A data privacy vault isolates, secures, and tightly controls access to manage, monitor, and use sensitive data. It’s both a technology and architectural design pattern. A data privacy vault combines multiple PETs, like encryption, tokenization, and data masking along with data security techniques like zero trust, logging, and auditing, and the principle of isolation.

Example of using a data privacy vault. Sensitive data is sent to the vault at collection. Tokenized data is stored downstream.

A business that uses a data privacy vault moves their customer PII out of their existing data storage and infrastructure and into the vault, as shown in the image above. The data privacy vault becomes the single source of truth for all customer PII, effectively de-scoping the existing application infrastructure from the responsibilities of data security and compliance. This architectural design approach to data privacy carries another benefit: it significantly reduces the complexity of data residency or localization.

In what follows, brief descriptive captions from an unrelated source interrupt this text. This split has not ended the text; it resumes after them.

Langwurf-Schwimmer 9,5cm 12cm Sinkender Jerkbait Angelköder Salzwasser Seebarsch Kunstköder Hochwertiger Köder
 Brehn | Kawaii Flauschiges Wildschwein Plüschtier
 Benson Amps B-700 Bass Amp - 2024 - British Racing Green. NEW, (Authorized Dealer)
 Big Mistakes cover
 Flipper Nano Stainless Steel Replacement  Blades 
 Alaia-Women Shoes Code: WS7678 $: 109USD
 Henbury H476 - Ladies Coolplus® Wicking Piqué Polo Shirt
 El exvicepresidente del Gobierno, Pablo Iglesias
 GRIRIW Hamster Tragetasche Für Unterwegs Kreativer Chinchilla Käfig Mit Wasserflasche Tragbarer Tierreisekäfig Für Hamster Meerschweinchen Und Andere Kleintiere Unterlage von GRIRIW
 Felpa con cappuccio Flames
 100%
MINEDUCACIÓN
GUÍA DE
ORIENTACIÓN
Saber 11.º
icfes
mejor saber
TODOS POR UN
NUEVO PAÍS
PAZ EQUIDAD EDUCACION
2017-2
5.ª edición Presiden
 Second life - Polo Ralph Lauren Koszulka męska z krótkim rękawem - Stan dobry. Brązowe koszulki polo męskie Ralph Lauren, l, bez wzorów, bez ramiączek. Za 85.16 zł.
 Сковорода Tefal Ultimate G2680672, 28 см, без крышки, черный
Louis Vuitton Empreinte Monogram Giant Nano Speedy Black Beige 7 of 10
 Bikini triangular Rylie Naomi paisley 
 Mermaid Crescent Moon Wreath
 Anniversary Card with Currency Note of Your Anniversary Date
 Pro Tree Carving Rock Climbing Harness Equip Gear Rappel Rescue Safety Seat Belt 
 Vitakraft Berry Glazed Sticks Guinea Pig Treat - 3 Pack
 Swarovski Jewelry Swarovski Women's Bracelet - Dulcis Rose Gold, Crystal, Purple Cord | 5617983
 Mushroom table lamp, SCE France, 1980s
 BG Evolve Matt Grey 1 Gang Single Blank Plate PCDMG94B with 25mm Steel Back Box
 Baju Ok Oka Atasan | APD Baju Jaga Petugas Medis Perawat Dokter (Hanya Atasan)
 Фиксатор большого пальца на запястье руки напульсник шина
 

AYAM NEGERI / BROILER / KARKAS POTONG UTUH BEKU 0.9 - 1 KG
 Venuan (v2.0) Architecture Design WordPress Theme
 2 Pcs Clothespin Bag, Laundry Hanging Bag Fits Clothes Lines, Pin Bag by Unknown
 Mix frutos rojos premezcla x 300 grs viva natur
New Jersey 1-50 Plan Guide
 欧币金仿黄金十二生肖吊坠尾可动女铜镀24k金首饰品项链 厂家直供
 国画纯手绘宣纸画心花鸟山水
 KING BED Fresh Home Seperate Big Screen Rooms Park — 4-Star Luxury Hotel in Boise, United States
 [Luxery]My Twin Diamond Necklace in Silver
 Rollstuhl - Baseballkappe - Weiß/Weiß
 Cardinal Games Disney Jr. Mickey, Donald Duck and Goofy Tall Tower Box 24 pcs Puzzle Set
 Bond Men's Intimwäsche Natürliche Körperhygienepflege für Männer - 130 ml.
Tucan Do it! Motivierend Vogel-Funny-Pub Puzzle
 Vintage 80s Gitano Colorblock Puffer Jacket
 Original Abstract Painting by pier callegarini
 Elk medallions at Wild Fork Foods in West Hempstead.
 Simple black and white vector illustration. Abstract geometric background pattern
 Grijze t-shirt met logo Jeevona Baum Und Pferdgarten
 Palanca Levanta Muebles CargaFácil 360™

This technology was originally pioneered by companies like Apple and Netflix. Despite being widely regarded as a best-in-class approach to data privacy, the data privacy vault hasn’t seen widespread adoption outside of a few major technology companies. This is due to the complexity involved with building the vault system. It took Shopify three years and contributions from 94 engineers to build their version of a data privacy vault.

The Future of Privacy

Data privacy isn’t just about compliance, it’s also the right thing to do for your users. There’s a tremendous amount of growth and momentum in this space that’s going to help engineers build better, more secure systems while still allowing businesses to use the data they collect about customers to improve their products.

As these technologies become commercially available and abstraction layers like APIs and SDKs are developed, utilizing these technologies in our everyday engineering tasks will become as easy and commonplace as programmatically placing a phone call or issuing a credit card transaction.

Data privacy isn’t the CISOs job or the privacy officers’ job, it’s everyone’s job. As engineers who are often tasked with the technical aspects of securing sensitive data, it’s critical that we understand the landscape of privacy-enhancing tools and technologies. And, it’s vitally important that we use this understanding to follow privacy best practices and honor the trust placed in us when our users share their sensitive personal data.